— Supplied records —

==================================================

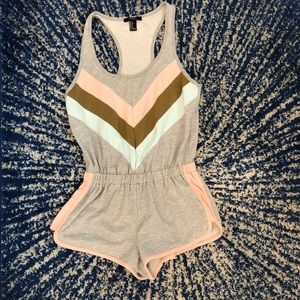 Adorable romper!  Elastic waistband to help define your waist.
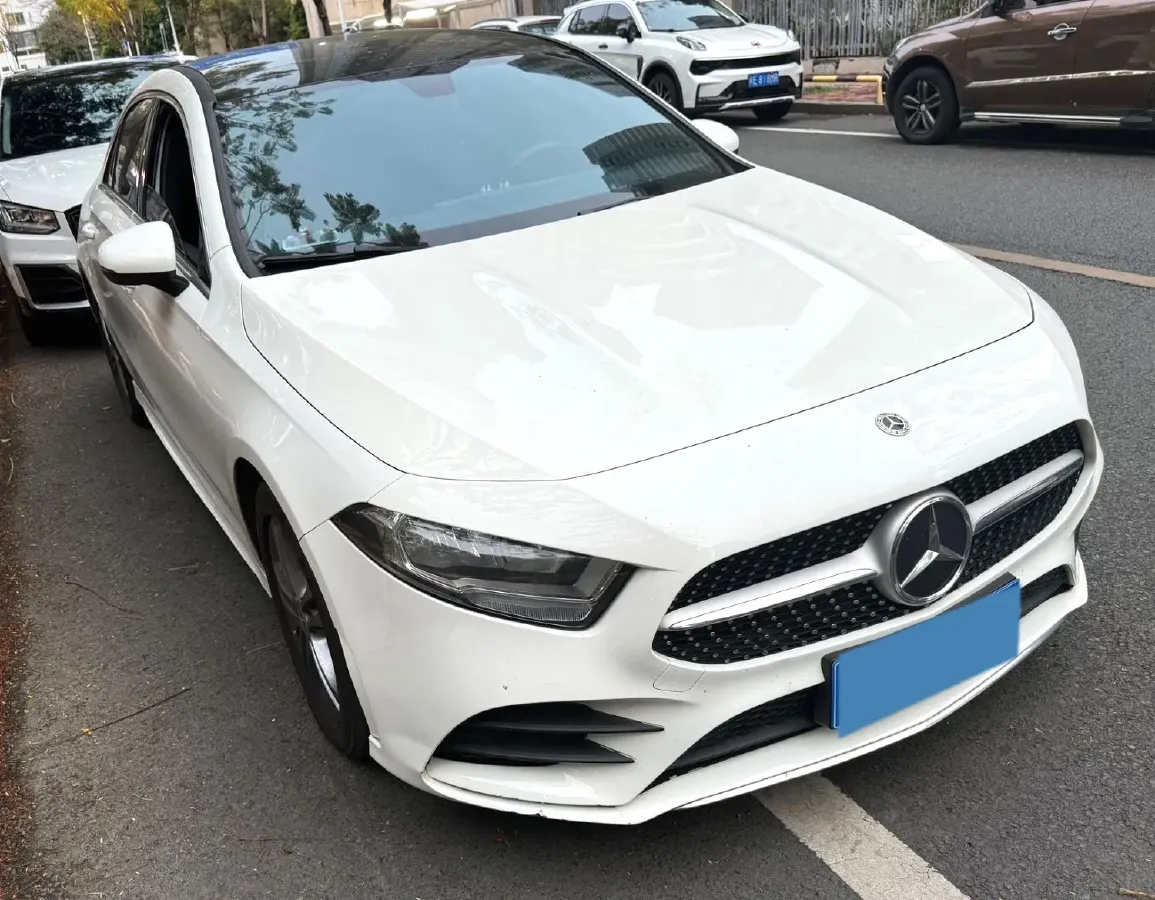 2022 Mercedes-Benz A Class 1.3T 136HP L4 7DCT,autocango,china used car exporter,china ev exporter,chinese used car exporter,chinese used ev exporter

==================================================

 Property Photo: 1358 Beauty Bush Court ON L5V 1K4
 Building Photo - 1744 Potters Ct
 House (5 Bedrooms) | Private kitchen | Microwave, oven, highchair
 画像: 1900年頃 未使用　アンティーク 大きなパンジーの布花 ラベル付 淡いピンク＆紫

==================================================

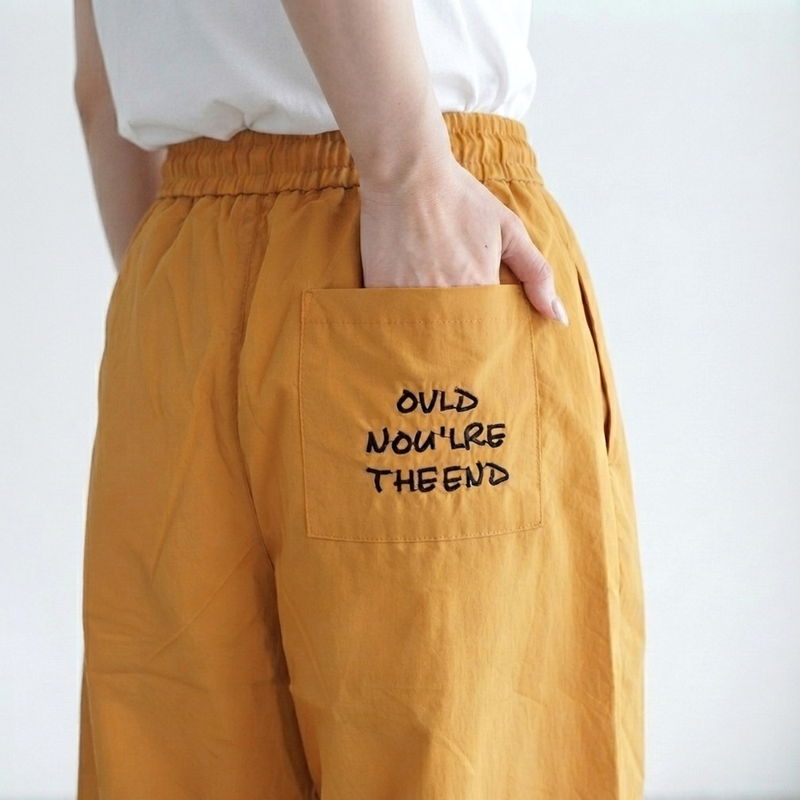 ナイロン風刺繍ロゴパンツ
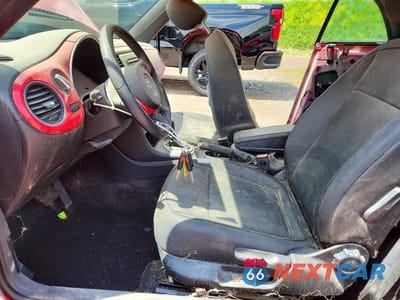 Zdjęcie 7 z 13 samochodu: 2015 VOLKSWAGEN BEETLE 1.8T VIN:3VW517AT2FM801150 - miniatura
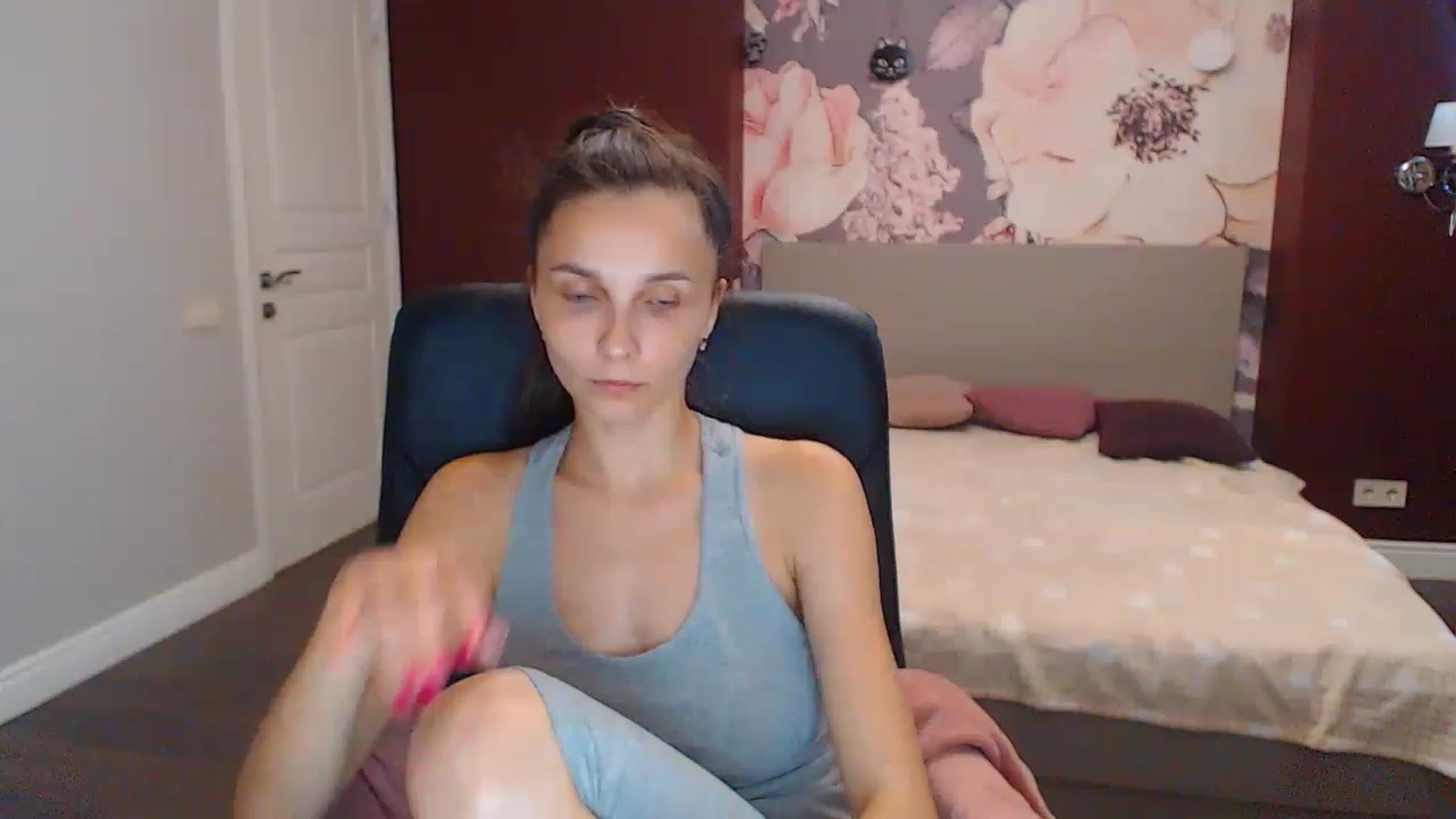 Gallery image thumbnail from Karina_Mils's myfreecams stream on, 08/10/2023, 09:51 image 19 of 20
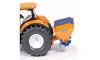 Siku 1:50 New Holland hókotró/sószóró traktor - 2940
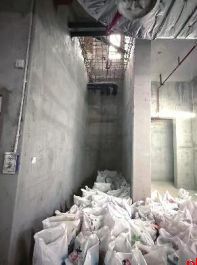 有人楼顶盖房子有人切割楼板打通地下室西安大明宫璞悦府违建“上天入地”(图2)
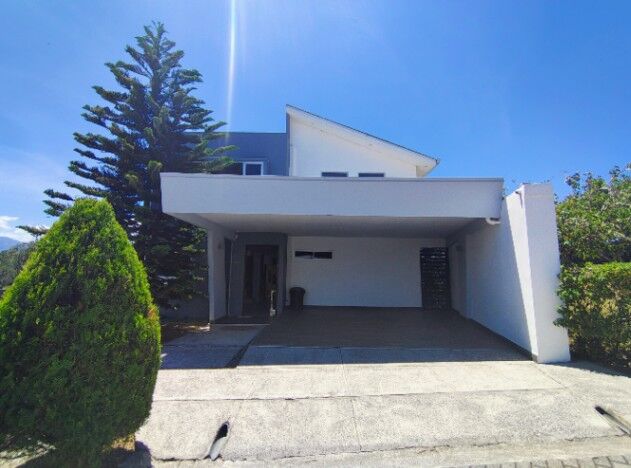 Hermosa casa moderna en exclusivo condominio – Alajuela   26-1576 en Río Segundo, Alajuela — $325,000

==================================================

Search the listing above for the string "Photo". Copy every line that contains it.

— Expected output —
 Property Photo: 1358 Beauty Bush Court ON L5V 1K4
 Building Photo - 1744 Potters Ct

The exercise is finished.